False equivalencies like this stem from a lack of moral leadership. This is one way to proliferate disinformation, and it's one method of, as Doctor They puts it, "Sowing the seeds of uncertainty." After all, half the comments on any given story that even mentions Donald Trump will resort to bringing up his political opponent during the 2016 election, Hillary Clinton, despite the fact that she is not in power and no longer holds any office in the government.
As to the truth of Trump and any of the numerous lies and dubious claims made by Trump or on his behalf (most recently, that he is 6'3" and weighs 239 lbs), Doctor They had something to say on the matter:
"Our current president once said something truly profound.
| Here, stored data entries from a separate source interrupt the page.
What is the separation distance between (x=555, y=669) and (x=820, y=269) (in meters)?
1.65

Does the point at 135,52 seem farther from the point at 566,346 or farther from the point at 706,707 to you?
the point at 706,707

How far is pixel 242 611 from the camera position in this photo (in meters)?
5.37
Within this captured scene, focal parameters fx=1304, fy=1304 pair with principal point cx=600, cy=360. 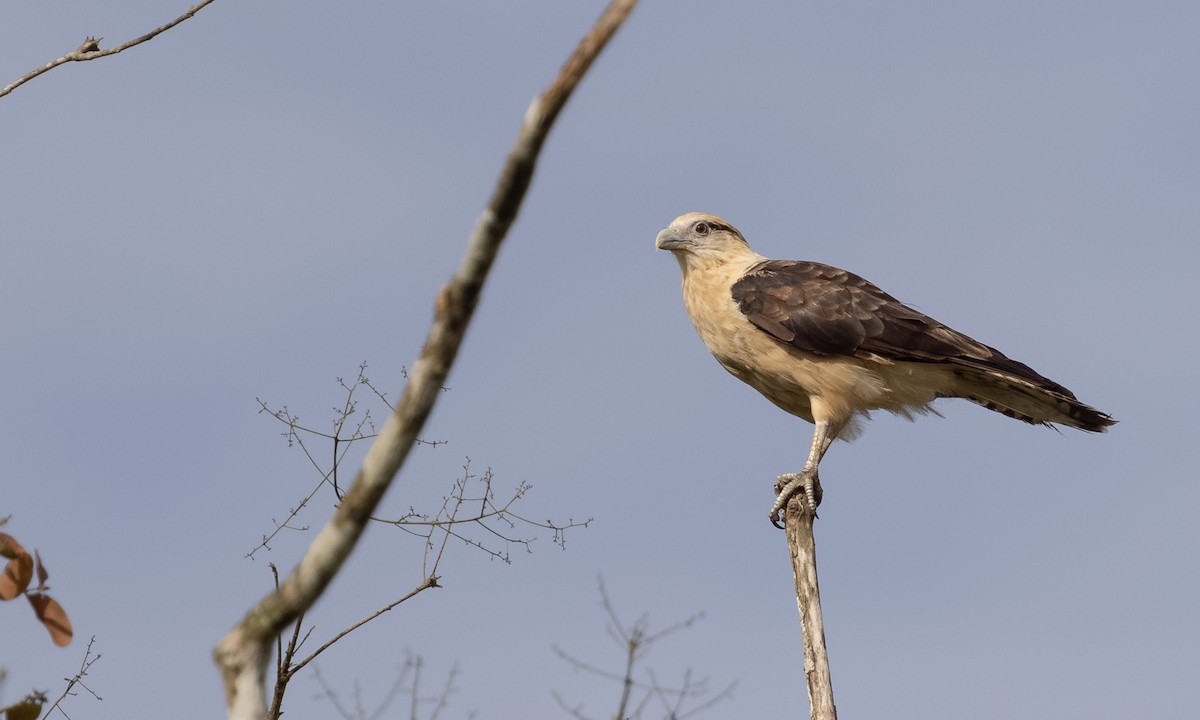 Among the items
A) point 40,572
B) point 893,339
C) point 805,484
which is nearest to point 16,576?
point 40,572

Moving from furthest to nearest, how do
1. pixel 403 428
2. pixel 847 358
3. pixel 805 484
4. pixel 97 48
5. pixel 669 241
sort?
pixel 669 241 < pixel 847 358 < pixel 805 484 < pixel 97 48 < pixel 403 428

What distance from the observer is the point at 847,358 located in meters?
8.69

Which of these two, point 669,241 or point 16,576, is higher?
point 669,241

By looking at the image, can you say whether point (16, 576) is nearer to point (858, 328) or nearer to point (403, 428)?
point (403, 428)

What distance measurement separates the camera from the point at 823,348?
341 inches

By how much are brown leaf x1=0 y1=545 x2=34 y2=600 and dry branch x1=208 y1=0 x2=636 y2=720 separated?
1.94 ft

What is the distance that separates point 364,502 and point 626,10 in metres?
1.08

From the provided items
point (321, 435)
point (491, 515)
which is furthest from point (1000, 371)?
point (321, 435)

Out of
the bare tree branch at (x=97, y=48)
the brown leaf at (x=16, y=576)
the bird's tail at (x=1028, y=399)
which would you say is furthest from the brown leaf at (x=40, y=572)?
the bird's tail at (x=1028, y=399)

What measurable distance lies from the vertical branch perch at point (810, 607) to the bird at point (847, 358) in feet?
2.82

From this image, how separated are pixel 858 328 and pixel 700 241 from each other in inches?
61.8

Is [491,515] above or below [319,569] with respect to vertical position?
above

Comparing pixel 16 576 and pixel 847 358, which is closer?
pixel 16 576

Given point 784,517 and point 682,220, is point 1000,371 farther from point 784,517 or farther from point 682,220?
point 682,220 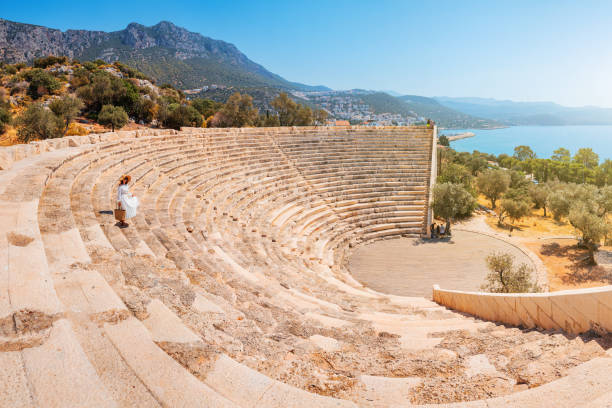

He said, 'Nobody knows for sure.'"
As he says this, They raises his right hand and makes a particular gesture, a stilted hand signal which looks like an "OK" sign, but more deliberate. It's a gesture which has been adopted by the alt-right and Neo-Nazi circles as a white power slogan (because the three raised fingers look kind of like the letter 'W,' for white). Every time a known Neo-Nazi white supremacist flashes the "OK" sign, is it a racial dog whistle? Well... Nobody knows for sure.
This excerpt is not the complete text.